▶ **Stored records**
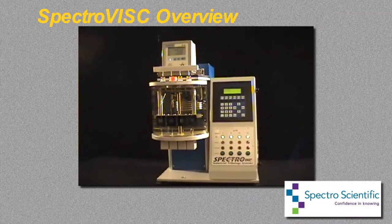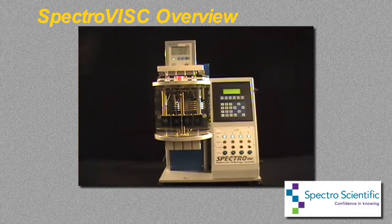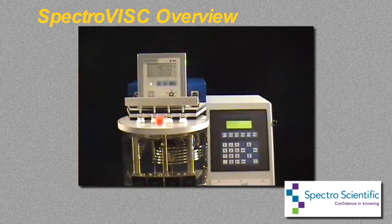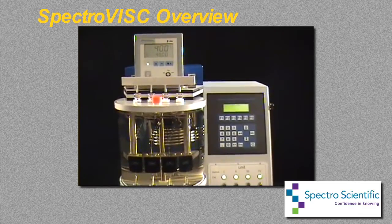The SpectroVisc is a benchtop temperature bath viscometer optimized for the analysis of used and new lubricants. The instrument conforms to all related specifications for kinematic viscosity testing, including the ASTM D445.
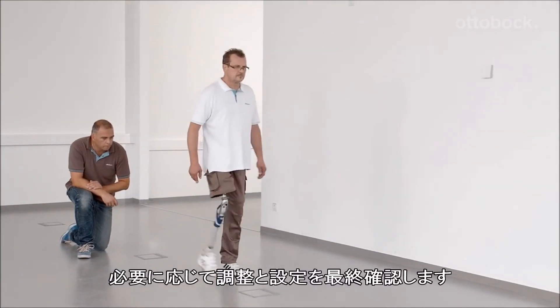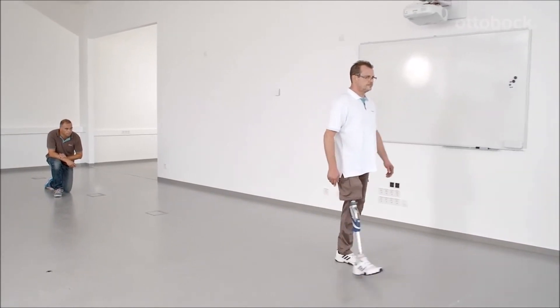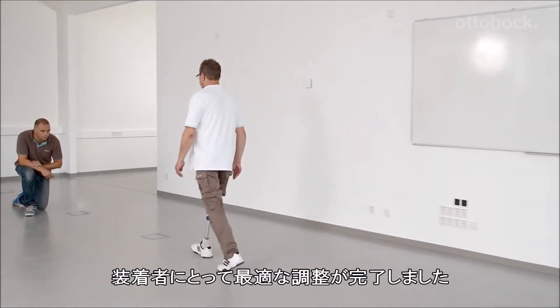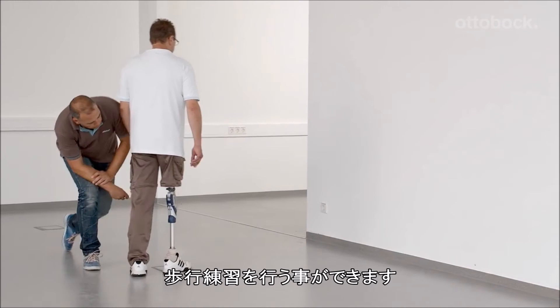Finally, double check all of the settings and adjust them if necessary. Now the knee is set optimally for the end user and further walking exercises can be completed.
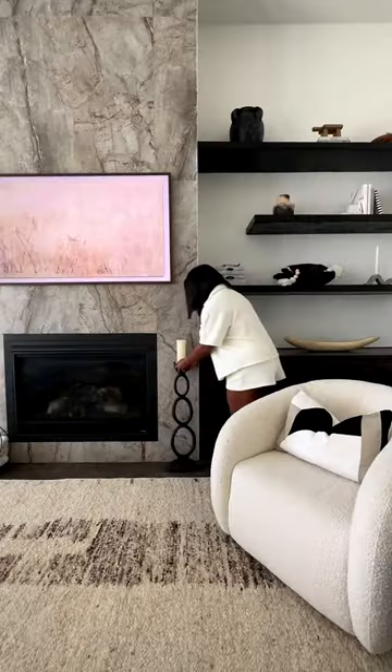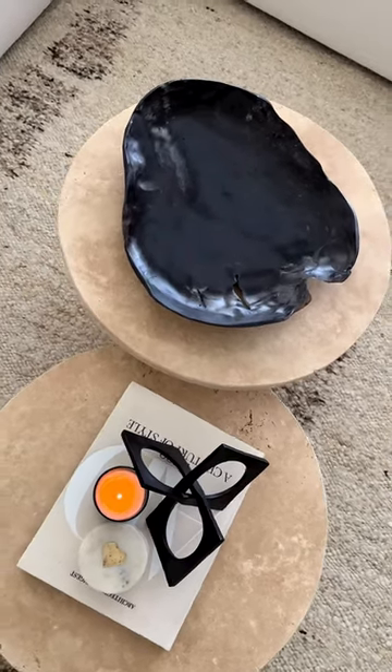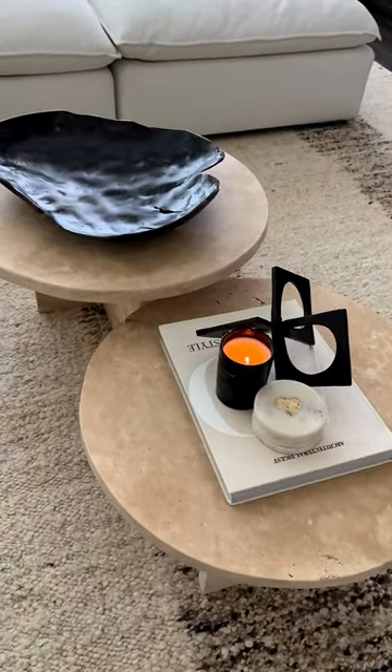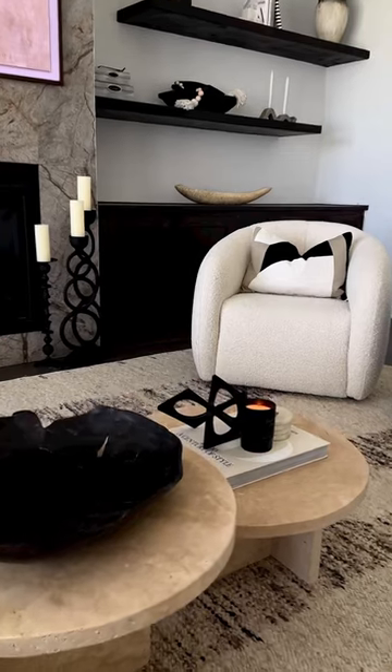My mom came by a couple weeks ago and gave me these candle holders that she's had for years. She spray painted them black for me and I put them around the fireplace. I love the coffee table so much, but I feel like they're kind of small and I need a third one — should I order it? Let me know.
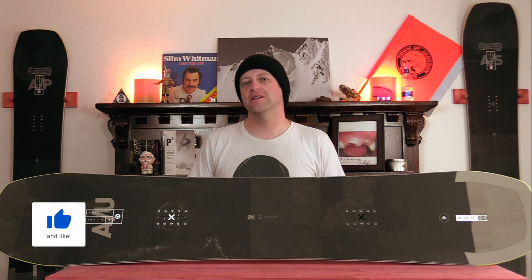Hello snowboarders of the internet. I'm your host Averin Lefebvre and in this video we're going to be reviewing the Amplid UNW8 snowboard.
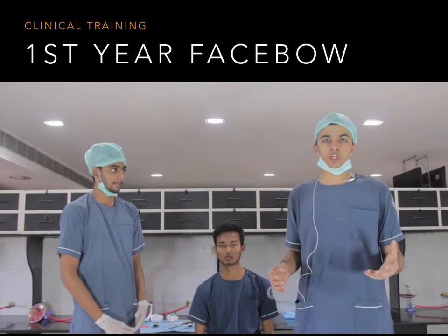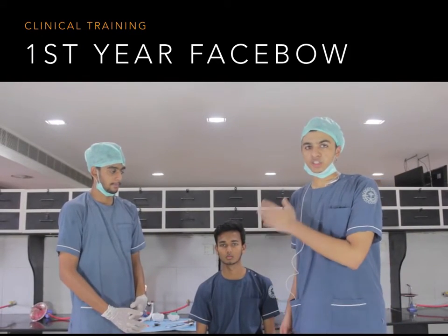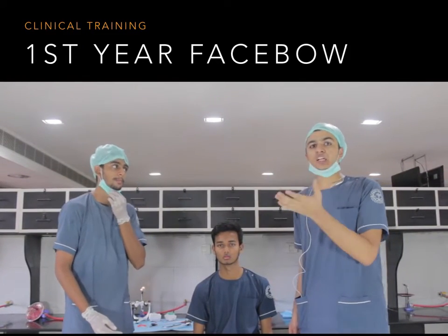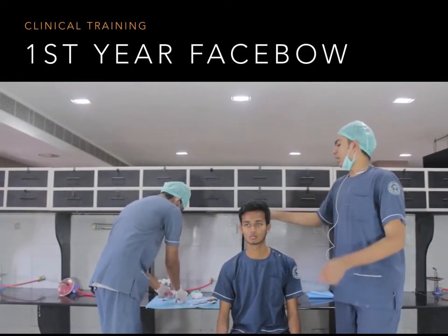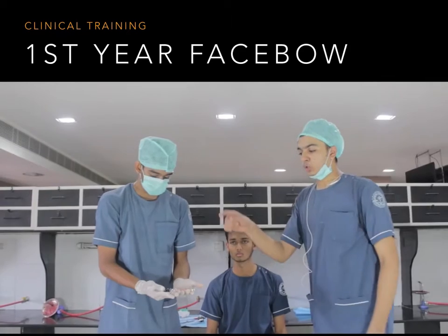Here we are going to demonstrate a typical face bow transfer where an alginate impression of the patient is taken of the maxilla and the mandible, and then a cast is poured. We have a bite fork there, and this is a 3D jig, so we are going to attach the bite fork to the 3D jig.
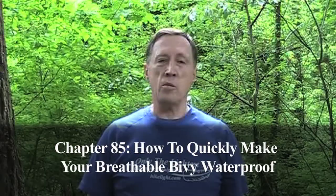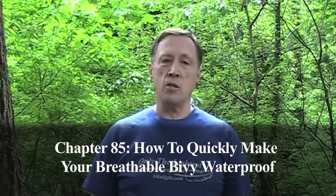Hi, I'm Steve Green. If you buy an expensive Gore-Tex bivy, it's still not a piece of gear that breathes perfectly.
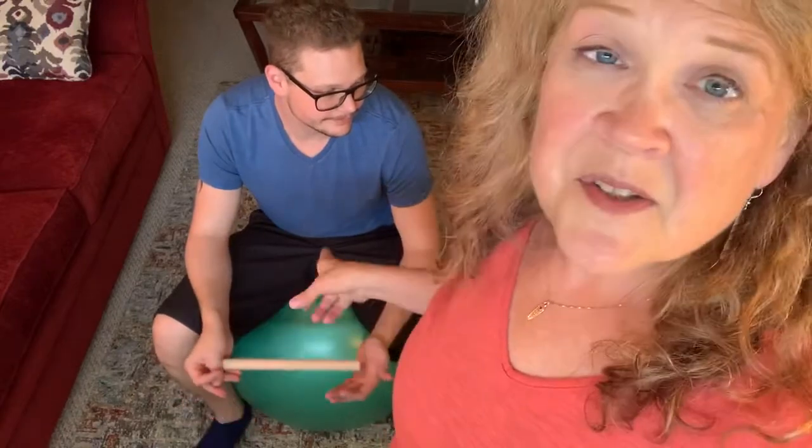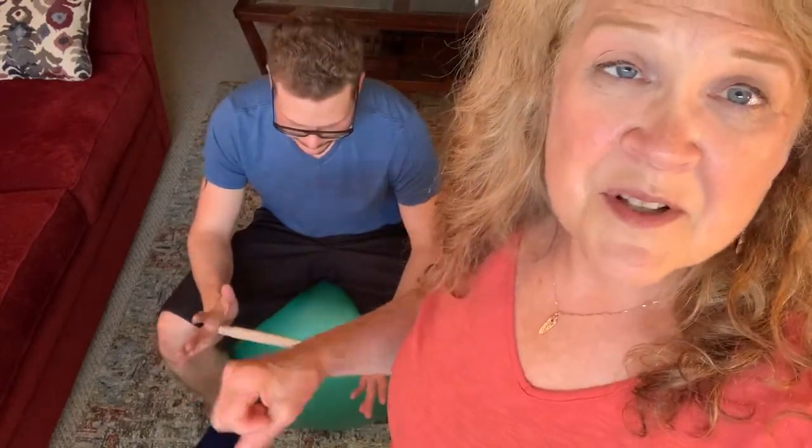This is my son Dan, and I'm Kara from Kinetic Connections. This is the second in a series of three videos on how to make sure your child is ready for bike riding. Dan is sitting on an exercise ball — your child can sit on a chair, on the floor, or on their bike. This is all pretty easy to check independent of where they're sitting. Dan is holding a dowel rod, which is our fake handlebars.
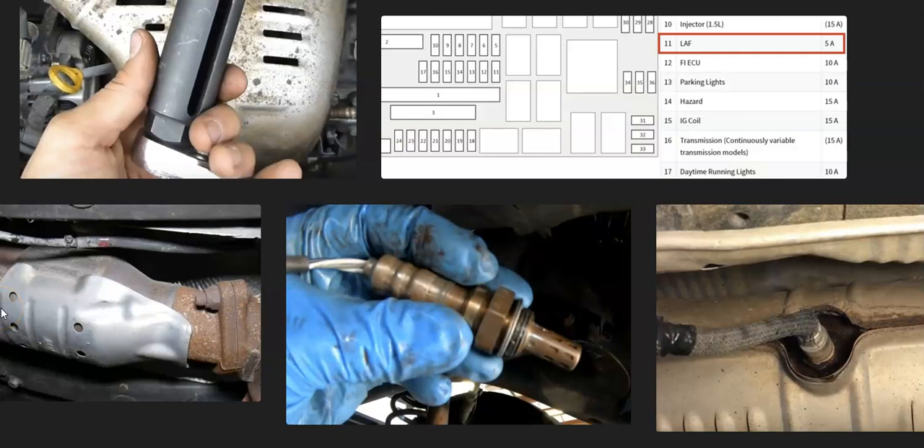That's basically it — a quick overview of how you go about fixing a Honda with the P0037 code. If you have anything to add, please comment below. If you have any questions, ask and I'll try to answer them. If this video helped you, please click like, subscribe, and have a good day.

▶ **HOW TO COMPLETE THIS TASK**
Out of the records above, please copy exactly the lines from the line with "Finally, double check" up to and including the line with "My mom came", minus the pictures.

▶ **EXERCISE SOLUTION**
Finally, double check all of the settings and adjust them if necessary. Now the knee is set optimally for the end user and further walking exercises can be completed.
My mom came by a couple weeks ago and gave me these candle holders that she's had for years. She spray painted them black for me and I put them around the fireplace. I love the coffee table so much, but I feel like they're kind of small and I need a third one — should I order it? Let me know.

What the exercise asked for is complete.